A bond is a type of lending investment where you lend your money to an organization in return for regular interest payments plus your principal back upon the bond’s maturity.
Organizations are considered to be banks, government agencies or companies.
Investing in bonds is a great way to invest your money in a low risk security that will earn you a better rate of return than typical savings or even high interest savings accounts.
GIC (Guaranteed Investment Certificate)
Similar to a savings account, a GIC is a very safe investment that offers Canadian investors a guaranteed (CDID Insured) rate of return – usually a fixed amount.
GICs have maturity dates where their funds are locked into the security for a specific period of time.
If you withdraw your money before the GIC’s maturity date you will be forced to pay a penalty fee.
T-Bills (Treasury Bills)
A T-bill is another form of debt obligation that is fully backed by the US treasury department.
T-Bills are usually short-term investments with maturity dates only extending out 1-year.

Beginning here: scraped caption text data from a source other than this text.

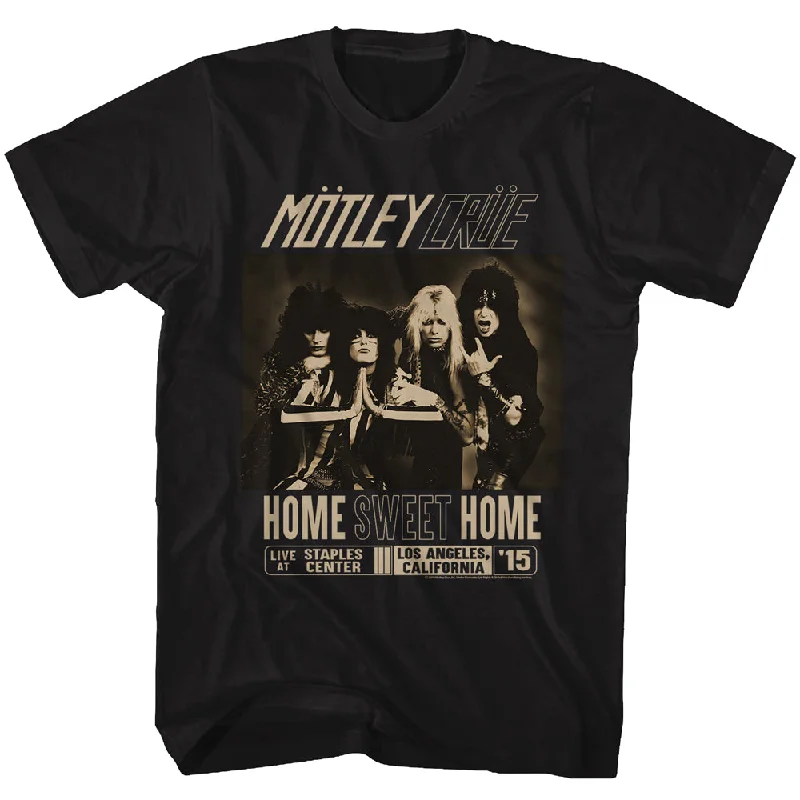 Motley Crue Home Sweet Home Adult Black Tall Shirt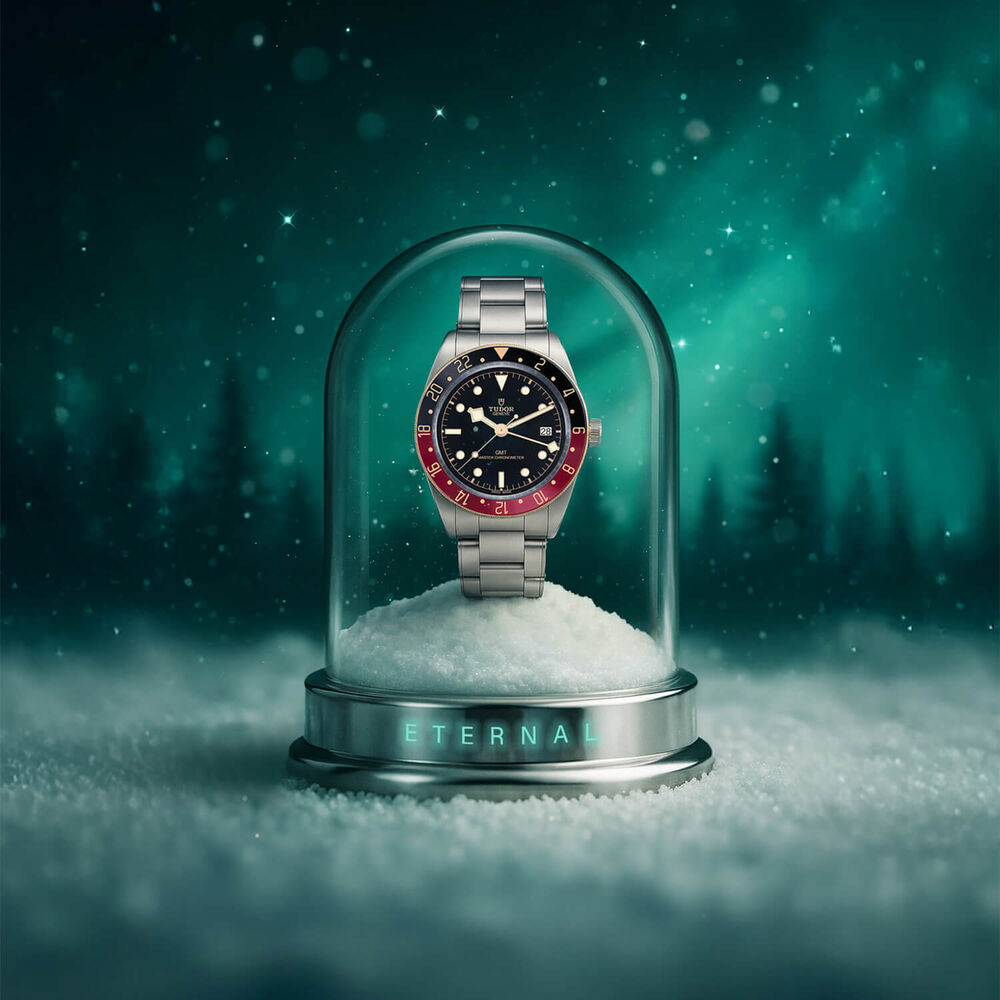 TUDOR Black Bay 58 GMT 39mm Dial Black & Burgundy Bezel Steel Bracelet Watch image number 6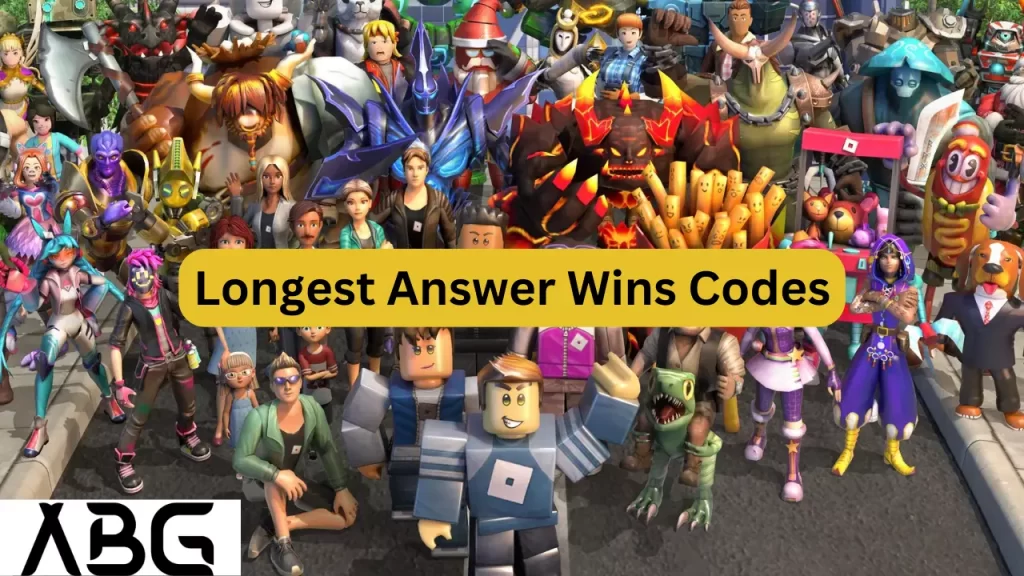 Longest Answer Wins Codes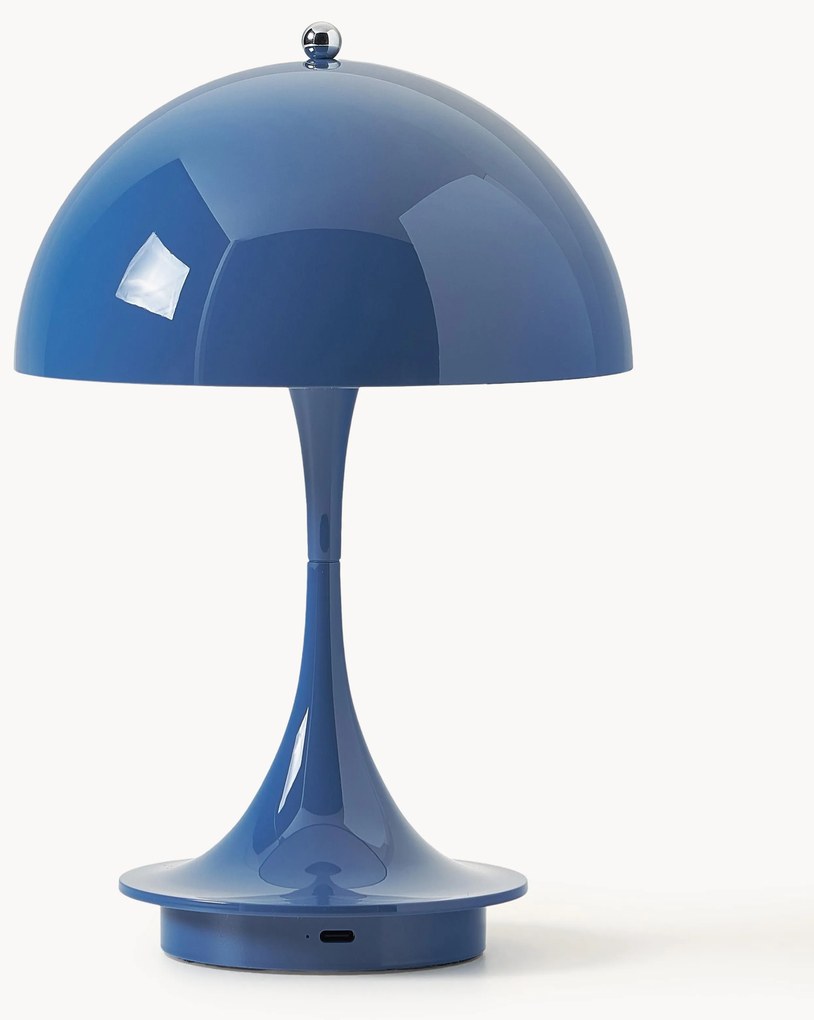 Prenosná stmievateľná stolová LED lampa Panthella, V 24 cm, dizajn Verner Panton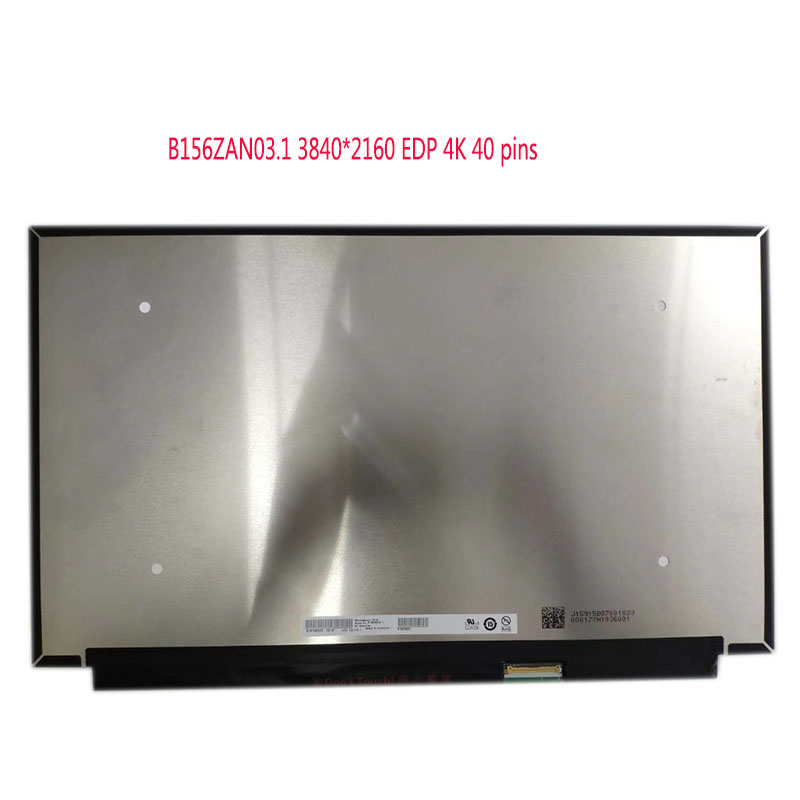 156 Laptop LCD LED Screen 38402160 EDP 40 pins 4K LCD Screen B156ZAN031 B156ZAN03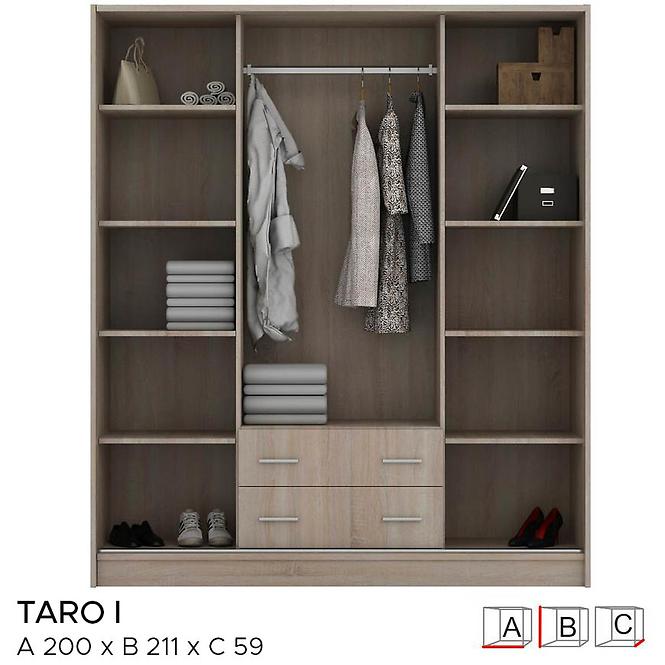 Schrank Taro I 200cm Eiche Sonoma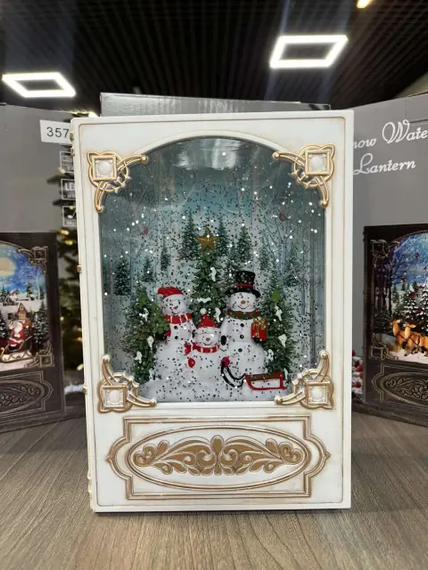 Новорічний музичний нічник-світильник,Сніговик (G3579/3)(WB) | Зображення 2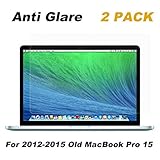 2 Pack Anti Glare Screen Protector Compatible MacBook Pro 15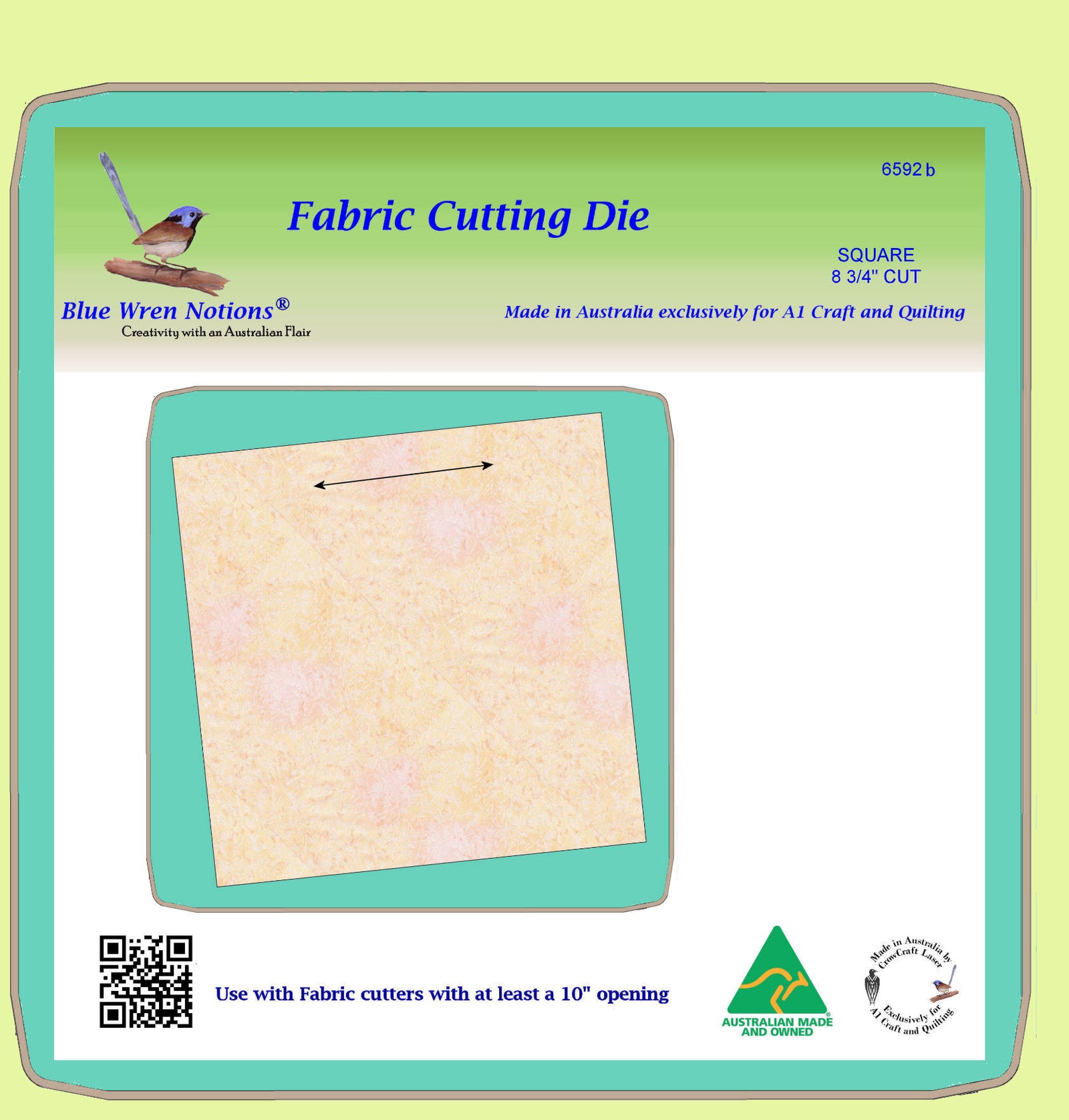 Squares 8 3/4" cut (for Feathered Star 6972) -  6592b - mat included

Similar to most types of fixed-income securities, the longer the date to maturity is, the higher the interest rate will be.
Money Market Funds
Money market funds are similar to mutual funds where they hold a number of different securities within the fund.
These securtires can include, but are not limited to, CDs, repurchase agreements and US treasury securities.
If you think you may need your money in the short term, and you don’t want your investment to decline in value, money market funds could be a great option for you.
High Interest Savings Accounts
While most people wouldn’t consider a savings account an “investment”, they will provide you with fixed income in the form of interest payments.
If you don’t want to lock your money into something like a bond, GIC or T-bill, a savings account is a great way to earn interest on your money while still keeping it readily available.
However, due to the liquidity of this money, your interest rates will likely be lower than the other investments discussed above.
For more information on each of these fixed income investments, check out another similar article by the Financial Geek “Does a TFSA Earn Interest”.
In this article we go more in depth on each form of investment and talk about the types of interest rates you can expect to generate
To wrap things up, let’s summarize some of the key points made throughout the article.
After all, if you are anything like me, you probably just scrolled to the conclusion anyway!
If so, here is what you missed:
Stocks do not earn interest. Interest is paid to investors who loan money to organizations such as banks, large corporations and governments.
If you want to invest in stocks, know that the two forms of investment income they can provide are dividends and capital gains.
If you love the idea of investing in safe securities that make regular interest payments, consider putting your money in fixed income securities such as bonds, GICs, T-bills, money market funds or even a high interest savings account.
Quick Note #3 – While we didn’t discuss it in this article, it’s important to note that interest income is taxable.
And that is it for me! I hope this article sparked your “interest”!